Family Uses Nonprofit Funds to Pay Legal Expenses in Princeton U. Case
By Ben Gose
October 24, 2007
The Chronicle of Philanthropy
Most of the legal expenses that the heirs to the A&P supermarket fortune are incurring in their bid to gain control of the Robertson Foundation from Princeton University are being paid by a private foundation, the Banbury Fund, which their parents also established.
William Robertson and other heirs are suing Princeton, saying that the university has not adhered to the terms of the gift their parents made in 1961, when Charles and Marie Robertson gave $35-million to establish the Robertson Foundation, a supporting organization to Princeton. The gift expanded the graduate programs at the Woodrow Wilson School of Public and International Affairs and was intended to get more graduate students into government work, particularly in international affairs.

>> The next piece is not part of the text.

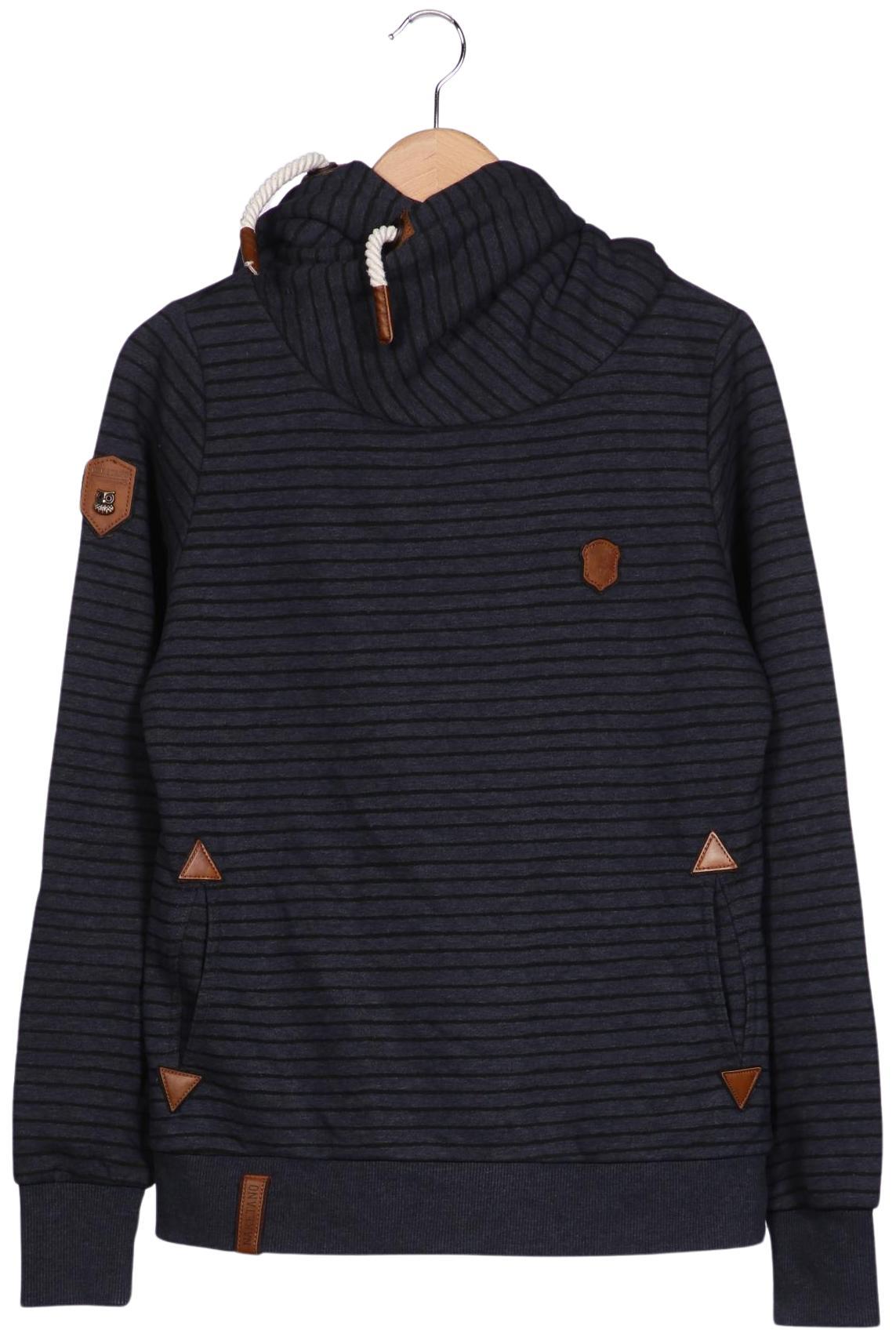 

Naketano Damen Kapuzenpullover, marineblau, Gr. 42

In 2005 alone, the Banbury Fund spent $7.7-million on legal fees and other expenses related to the Robertson Foundation lawsuit. Mr. Robertson, who says he is working almost full time on the Princeton lawsuit, also takes a salary of $158,400 per year from the Banbury Fund.
Victoria B. Bjorklund, a lawyer representing Princeton, believes that in using Banbury Fund assets to pay personal legal expenses, the Robertsons may be engaging in “self dealing” — using charitable assets for personal benefit — which is prohibited by the Internal Revenue Service. If the Robertsons were found to be engaging in self-dealing, they could be fined and required to restore the money used for legal expenses to the Banbury Fund.

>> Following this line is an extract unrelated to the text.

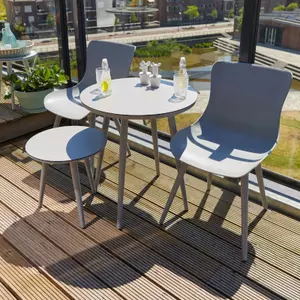 Kleine tuinsets balkon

Ms. Bjorklund, who served for five years on an advisory committee for the IRS Exempt Organizations division, says the Banbury expenditures are also relevant to the Robertson case, since Mr. Robertson could potentially control the $880-million Robertson Foundation if he prevails in court. Mr. Robertson has already contacted more than 10 other graduate schools about possibly supporting some of their programs with Robertson Foundation money.
“He’s saying an equitable remedy is ‘Give the money to me,’” Ms. Bjorklund says. “The defense is, ‘No, you’re not fit to manage the money.’”
IRS Rulings
William Josephson, an expert witness for the Robertsons and former head of the New York State Attorney General’s Charities Bureau, says that Mr. Robertson received an opinion from the New York law firm Milbank, Tweed that the expenditures were lawful before he began tapping the Banbury Fund for legal expenses in 2002.

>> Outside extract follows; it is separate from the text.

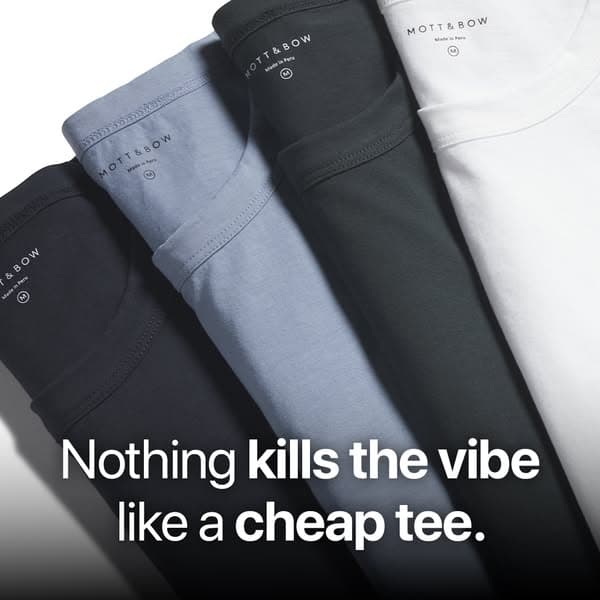 Men's hottest tees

In at least two revenue rulings, Mr. Josephson says, the Internal Revenue Service has upheld the payment of legal expenses by a charity to board members of that charity, in cases where board members have successfully sued to ensure that the organizations were carrying out charitable missions.
He also notes that the Banbury Fund, which had assets of $28.4-million as of the end of 2005, is closely linked to the Robertson Foundation. In 1973, Charles Robertson, William’s father and one of the original donors, wrote to the board of the Banbury Fund: “The Banbury Fund is specifically dedicated to support the purpose of the Robertson Foundation.”
William Robertson says he believes the spending on legal fees is a valid charitable activity. “There is no benefit to us from conducting this lawsuit and there never will be,” he says. “We are conducting this lawsuit to protect a charitable organization from thievery. “
But the Banbury spending is also raising eyebrows among those who aren’t involved in the lawsuit.
“It’s yet another egregious example of people abusing philanthropy for personal gain,” says Aaron Dorfman, executive director of the National Committee for Responsive Philanthropy. “It shows why we need better self-regulation and better oversight and enforcement. How can they think that using the foundation to pay their legal fees is a legitimate charitable purpose?”
Public-Relations Battle
Each side in the lawsuit has spent more than $20-million in legal fees and has worked hard to get its message across to the news media.
The Robertsons have hired a public-relations firm to go head-to-head with Princeton’s communications office. The Robertsons even commissioned the polling company Zogby International to conduct a survey of 1,200 adults, which yielded fairly predictable results: Nearly every one said it is a serious matter if a charity spends a donor’s money on unauthorized projects.
Mr. Robertson has published more than a dozen columns about the dispute in newspapers around the country. Robert K. Durkee, Princeton’s vice president and secretary, typically responds to those op-eds by writing a column of his own or a letter to the editor.
Princeton’s lawyers have tried to settle the lawsuit, but they believe Mr. Robertson enjoys the publicity he is receiving from the litigation, and they note that he has little personal financial interest in settling because the Banbury Fund is covering his legal bills.
Mr. Robertson says his deep distrust of Princeton prevents him from settling.
Ronald H. Malone, a lawyer for the Robertsons, says the spending by Banbury is proper, but he notes that even if those cash flows were curtailed, the family has “plenty of dough” to cover legal expenses.
“What Princeton would like more than anything is to cut off the funding source for this litigation so that it will go away,” he says. “That’s not going to happen.”